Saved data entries
= = =
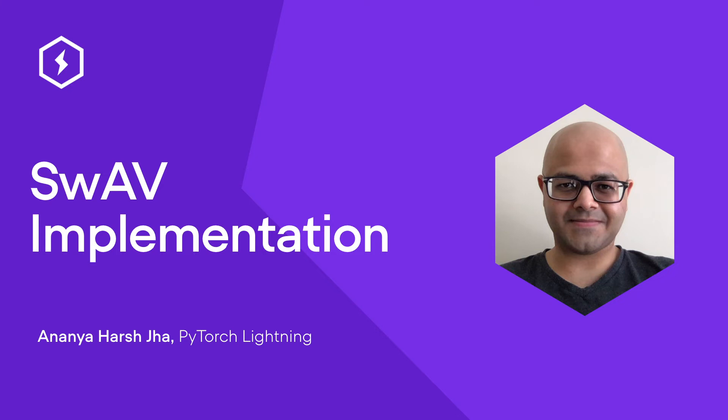Now we've taken a look at the loss function in detail. Let's delve into the SwAV code using PyTorch Lightning.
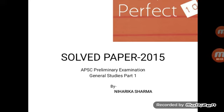Hello friends, this is Niharika Sharma, and today I am going to look at the APSC Preliminary Examination General Studies Paper solved answers. I will discuss the 2015 paper. First, I would like to discuss the first 20 questions out of 100. I hope you would like it. So let's get started.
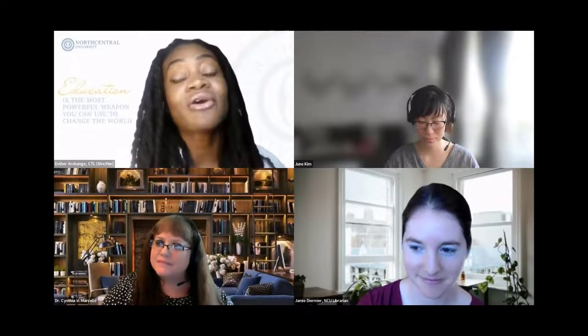Thank you all for joining us today. Thank you June Kim, Jamie Diermir, and Dr. Cynthia Marcello for taking the time to present, and thank you to the attendees for joining. I hope the information you gained today was informative. As a reminder, the recording will be posted to the CTL Live Guides page as well as our CTL YouTube page within 24 hours. Have a good one and thank you for coming.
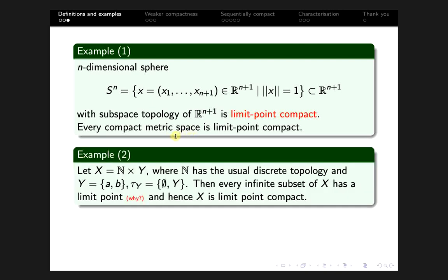Example 2: Let X equal N × Y, where N is the set of natural numbers equipped with the discrete topology (every singleton set is open), and Y is a two-point set {a, b} equipped with the indiscrete topology, so τ_Y equals {empty set, Y}. On X we have the product topology. Then every infinite subset of X has a limit point, and therefore X is limit point compact.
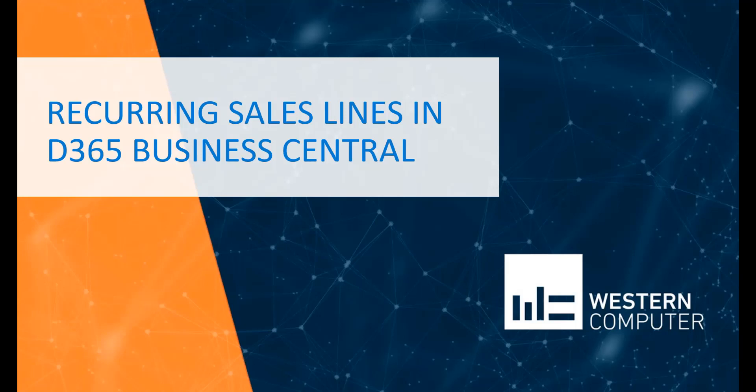Hello, my name is Carlo Bergermini, Dynamics 365 Business Central and Dynamics Nav Project Manager and Senior Consultant here at Western Computer. In this video, I'm going to talk about Recurring Sales Lines.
= = =
Activity:
The answer must be an exact reproduction of the records, with every picture left out.

Task answer:
Now we've taken a look at the loss function in detail. Let's delve into the SwAV code using PyTorch Lightning.
Hello friends, this is Niharika Sharma, and today I am going to look at the APSC Preliminary Examination General Studies Paper solved answers. I will discuss the 2015 paper. First, I would like to discuss the first 20 questions out of 100. I hope you would like it. So let's get started.
Thank you all for joining us today. Thank you June Kim, Jamie Diermir, and Dr. Cynthia Marcello for taking the time to present, and thank you to the attendees for joining. I hope the information you gained today was informative. As a reminder, the recording will be posted to the CTL Live Guides page as well as our CTL YouTube page within 24 hours. Have a good one and thank you for coming.
Example 2: Let X equal N × Y, where N is the set of natural numbers equipped with the discrete topology (every singleton set is open), and Y is a two-point set {a, b} equipped with the indiscrete topology, so τ_Y equals {empty set, Y}. On X we have the product topology. Then every infinite subset of X has a limit point, and therefore X is limit point compact.
Hello, my name is Carlo Bergermini, Dynamics 365 Business Central and Dynamics Nav Project Manager and Senior Consultant here at Western Computer. In this video, I'm going to talk about Recurring Sales Lines.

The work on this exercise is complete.